Thursday 21 July 2016

Download 2016: Rivers



Let it stop!
Following a mysteriously flat battery we arrived and were equally mysteriously directed without any queue to a prime and dry parking spot at the near side of the west car park and set up in time to watch a customarily commanding performance from Rammstein. The evening was notable for strange circus acts including 'sword swallower' and 'Mongolian Boy' and heavy disco to 3am in a general mud.

Next day the mud had churned itself into a fine, thick ooze.
Rivers
I was able to confirm that the traditional noodle stall had more and better noodles than the chain-like 'Noodle Hut'. One of the music stages had been replaced by some wrestling arena and, unless I misunderstood, some wrestler was later offered a 'most metal' award on the main stage. Just as there is only one true Dr Who, there are only two true wrestlers, and this gent was neither Big nor Giant. But the people to their own.

Inside
I cannot remember much about the music on Saturday though can confirm Trooper is better than Hobgoblin.

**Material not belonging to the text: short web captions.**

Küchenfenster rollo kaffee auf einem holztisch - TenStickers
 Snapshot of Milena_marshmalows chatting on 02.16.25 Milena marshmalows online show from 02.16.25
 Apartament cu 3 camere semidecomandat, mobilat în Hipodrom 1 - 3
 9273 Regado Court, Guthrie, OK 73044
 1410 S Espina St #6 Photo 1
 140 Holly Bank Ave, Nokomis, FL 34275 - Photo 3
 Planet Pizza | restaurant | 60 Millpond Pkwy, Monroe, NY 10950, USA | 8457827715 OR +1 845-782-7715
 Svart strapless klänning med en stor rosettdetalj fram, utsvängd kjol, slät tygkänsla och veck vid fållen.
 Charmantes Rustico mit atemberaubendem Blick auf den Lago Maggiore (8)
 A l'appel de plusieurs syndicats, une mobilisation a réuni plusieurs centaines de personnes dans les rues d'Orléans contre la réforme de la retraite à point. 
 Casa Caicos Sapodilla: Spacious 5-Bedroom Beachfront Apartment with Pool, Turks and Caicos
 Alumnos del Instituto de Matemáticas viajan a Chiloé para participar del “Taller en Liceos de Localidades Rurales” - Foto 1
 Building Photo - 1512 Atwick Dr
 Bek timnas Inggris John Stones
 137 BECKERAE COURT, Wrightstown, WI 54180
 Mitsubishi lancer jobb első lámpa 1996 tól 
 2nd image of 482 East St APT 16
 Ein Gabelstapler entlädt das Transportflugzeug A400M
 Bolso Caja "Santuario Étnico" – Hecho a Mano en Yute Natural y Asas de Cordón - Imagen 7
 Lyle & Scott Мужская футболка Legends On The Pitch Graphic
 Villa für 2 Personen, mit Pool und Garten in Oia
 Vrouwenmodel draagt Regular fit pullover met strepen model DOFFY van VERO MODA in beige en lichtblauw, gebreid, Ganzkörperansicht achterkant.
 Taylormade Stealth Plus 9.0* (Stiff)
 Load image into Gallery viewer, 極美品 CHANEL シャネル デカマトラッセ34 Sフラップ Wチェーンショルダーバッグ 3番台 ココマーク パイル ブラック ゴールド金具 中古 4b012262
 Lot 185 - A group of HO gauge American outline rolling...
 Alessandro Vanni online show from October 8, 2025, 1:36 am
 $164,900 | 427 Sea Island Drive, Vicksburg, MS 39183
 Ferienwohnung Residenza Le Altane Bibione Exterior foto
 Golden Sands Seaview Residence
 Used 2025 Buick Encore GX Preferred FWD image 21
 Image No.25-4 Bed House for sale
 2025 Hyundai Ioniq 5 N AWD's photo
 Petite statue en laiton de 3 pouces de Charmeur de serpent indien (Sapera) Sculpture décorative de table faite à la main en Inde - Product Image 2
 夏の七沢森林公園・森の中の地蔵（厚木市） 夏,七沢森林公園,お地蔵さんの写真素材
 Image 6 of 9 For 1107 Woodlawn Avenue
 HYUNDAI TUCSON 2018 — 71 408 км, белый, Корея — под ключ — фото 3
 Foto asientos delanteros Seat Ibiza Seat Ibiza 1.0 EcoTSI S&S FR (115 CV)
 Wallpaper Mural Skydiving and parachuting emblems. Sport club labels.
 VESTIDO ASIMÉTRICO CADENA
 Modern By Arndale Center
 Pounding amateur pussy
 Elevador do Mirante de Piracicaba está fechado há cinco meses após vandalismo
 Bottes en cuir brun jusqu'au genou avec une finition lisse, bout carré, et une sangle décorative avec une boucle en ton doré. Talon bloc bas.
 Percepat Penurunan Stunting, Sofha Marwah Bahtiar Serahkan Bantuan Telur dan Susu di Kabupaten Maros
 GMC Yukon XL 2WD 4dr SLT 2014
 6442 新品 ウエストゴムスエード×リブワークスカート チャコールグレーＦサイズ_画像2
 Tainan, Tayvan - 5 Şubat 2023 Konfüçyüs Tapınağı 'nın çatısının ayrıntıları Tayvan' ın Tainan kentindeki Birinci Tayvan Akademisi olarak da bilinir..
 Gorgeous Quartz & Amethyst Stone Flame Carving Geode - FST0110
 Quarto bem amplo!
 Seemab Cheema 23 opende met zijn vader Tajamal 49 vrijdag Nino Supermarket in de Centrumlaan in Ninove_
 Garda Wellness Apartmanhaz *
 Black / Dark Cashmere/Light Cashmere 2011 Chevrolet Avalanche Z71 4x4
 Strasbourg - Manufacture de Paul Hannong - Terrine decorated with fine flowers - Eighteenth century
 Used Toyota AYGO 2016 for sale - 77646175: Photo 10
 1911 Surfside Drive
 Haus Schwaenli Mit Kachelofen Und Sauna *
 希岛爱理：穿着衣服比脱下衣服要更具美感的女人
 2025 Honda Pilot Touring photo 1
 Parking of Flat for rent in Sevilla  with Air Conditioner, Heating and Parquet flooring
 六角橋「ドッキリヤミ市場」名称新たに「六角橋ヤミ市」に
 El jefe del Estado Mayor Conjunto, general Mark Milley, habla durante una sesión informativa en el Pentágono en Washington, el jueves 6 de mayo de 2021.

Except for the Black Sabbath set, which recovered from a horribly out of tune guitar playing the initial tritone to a set of old material, with myself a half dozen heads from the front -- though eagle eyed observers spotted that there was at least a double of the lead vocal overdubbed. Sunday was wondrous, well, muddy, indeed there were rivers of the stuff. I enjoyed Amon Amarth, Electric Wizard, Gojira, and Iron Maiden showcased their new album, though not the really long song about the airship. It then stopped raining, though the adventures continued as the M1 was, in another mystery, closed. 

Sunday 10 July 2016

Desertfest 2016: The Sunday Sessions

Blood donor.
I did attend the Sunday of Desertfest. Camden, 2016. Highlight for me was Blood Ceremony, after which I legged it down the street to see Electric Wizard from the back of a very crowded Koko. I also quite liked what I saw of Trouble, who have unaccountably been off my radar for their 40 year existence. Godflesh, the closing two-
piece with sequenced drums, I found puzzling.

Necrowhatever
NecroDeathMort similarly, a fuzz of old style synths accompanying a bass. Witchsorrow started it off nicely.

Thursday 7 July 2016

Hesperia Lanzarote hotel

Cliff path just outside the hotel
We stayed at the Hesperia Lanzarote hotel in Puerto Calero in June 2016, on 'bed and breakfast'. It is a large, very pleasant complex on a vaguely Japanese theme with several swimming pools by a small rock beach with unfailingly polite and efficient staff.  Indeed, so nice that once I was lying by the pool, in a grizzled phase, and a manager asked if I was a client of the hotel. There is also a fine spa (with an attractive €60 package for the stay), and small gym, but with few 'animations'; however several cats. It is ten minutes walk from a dozen restaurants and some shops near the marina, but otherwise not very close to anything. A bus runs from above the marina about every hour to Puerto del Carmen, a bigger resort. Lanzarote itself is quite bleak, being mainly volcanic rock, and a day tour will see to it.

Sunday 27 March 2016

Cape Horn to Starboard - John Kretschmer (1986)

A charming, entirely unaffected story of a young man learning to sail and eventually rounding Cape Horn. Almost in passing, he mentions that two much better funded sailing vessels planning to do so at the same time, sank. I do not think anyone reading this could believe that Mr  Kretschmer was, at least by the time he got to the Cape, other than a very skilled yachtsman, but still his modesty and calm is inspiring. Though now I think I will stick to the Canal.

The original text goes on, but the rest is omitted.